Task details = Leave the pictures out, and transcribe the material below exactly from the line with "Autumn Northern British Columbia I" to the line with "Self Watering Flowerpot", both lines included.

Available records =
:::::

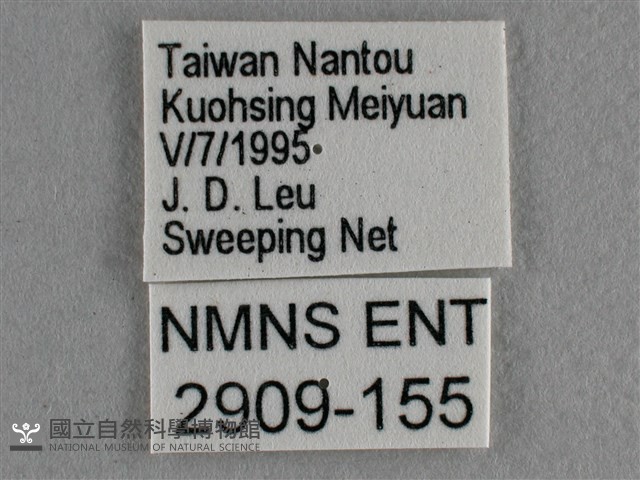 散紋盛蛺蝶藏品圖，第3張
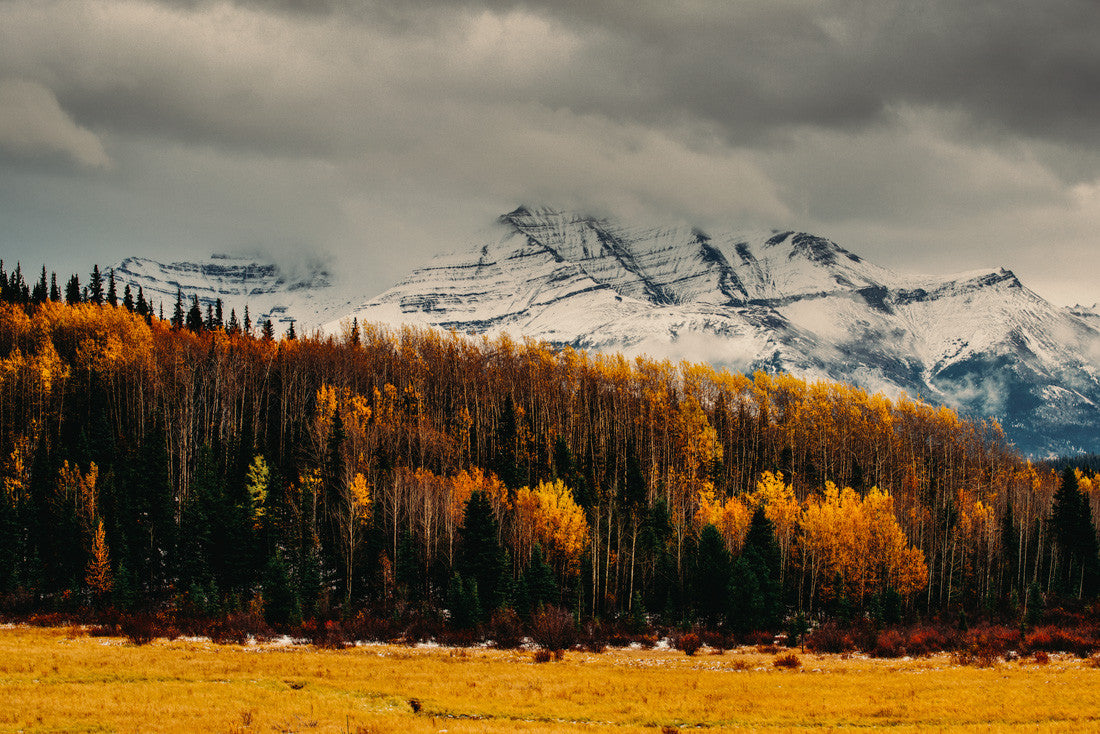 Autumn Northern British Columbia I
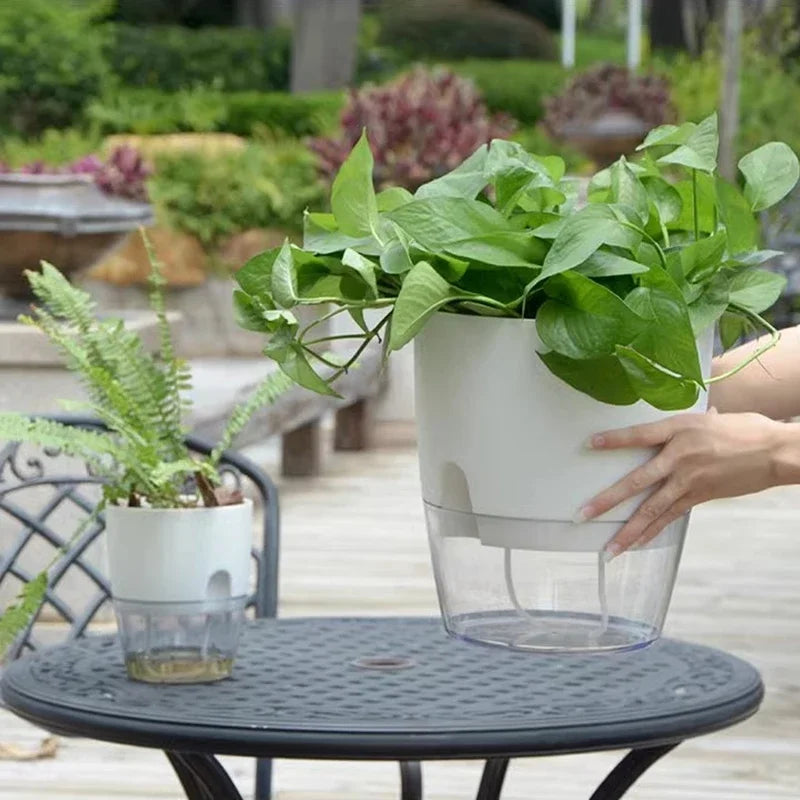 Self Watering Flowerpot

:::::

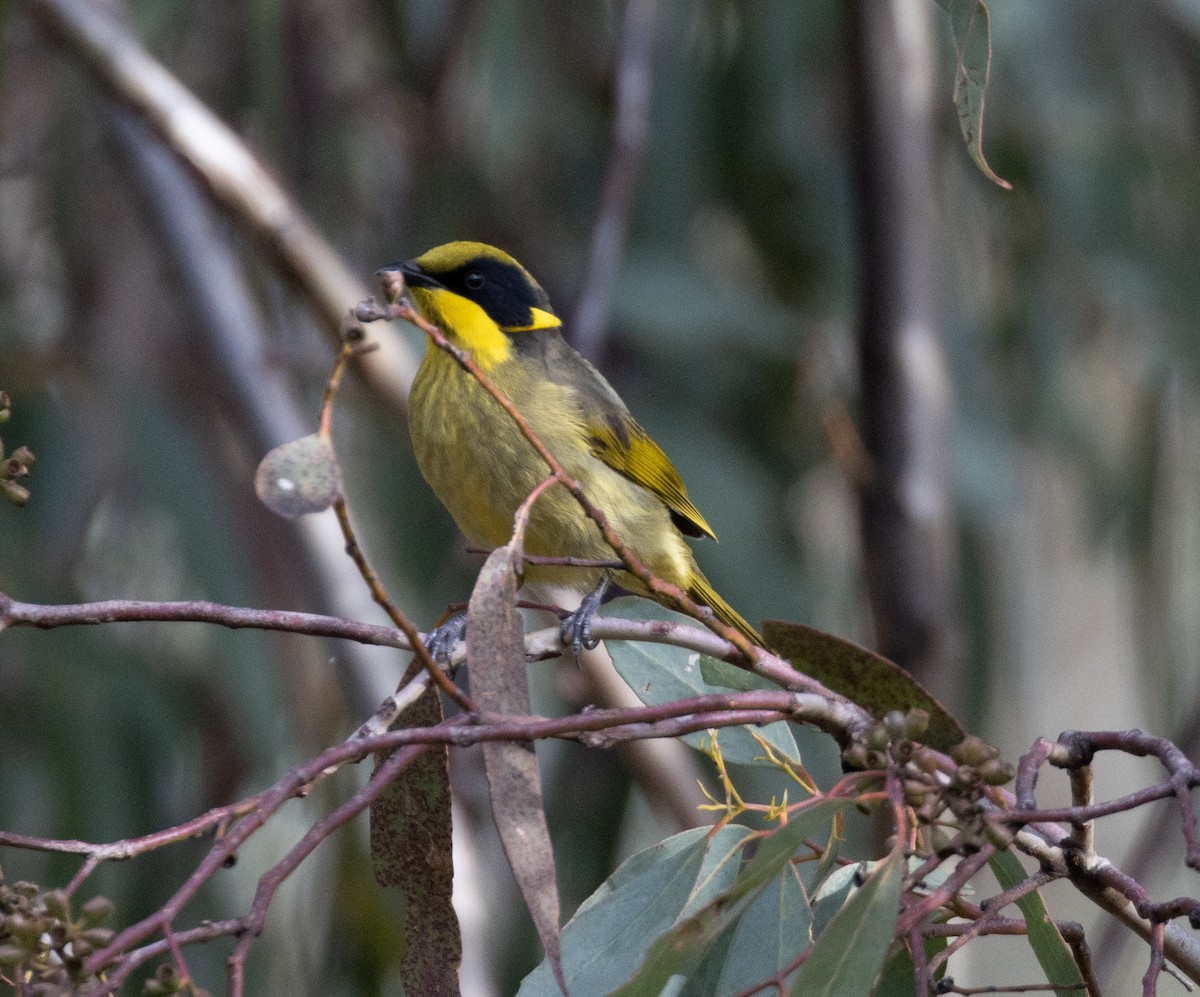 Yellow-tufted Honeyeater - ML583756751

:::::

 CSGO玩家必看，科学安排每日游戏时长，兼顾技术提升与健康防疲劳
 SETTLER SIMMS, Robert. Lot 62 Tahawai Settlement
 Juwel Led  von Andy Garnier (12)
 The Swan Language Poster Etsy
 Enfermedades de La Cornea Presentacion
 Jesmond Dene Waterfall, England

:::::

Response area =
 Autumn Northern British Columbia I
 Self Watering Flowerpot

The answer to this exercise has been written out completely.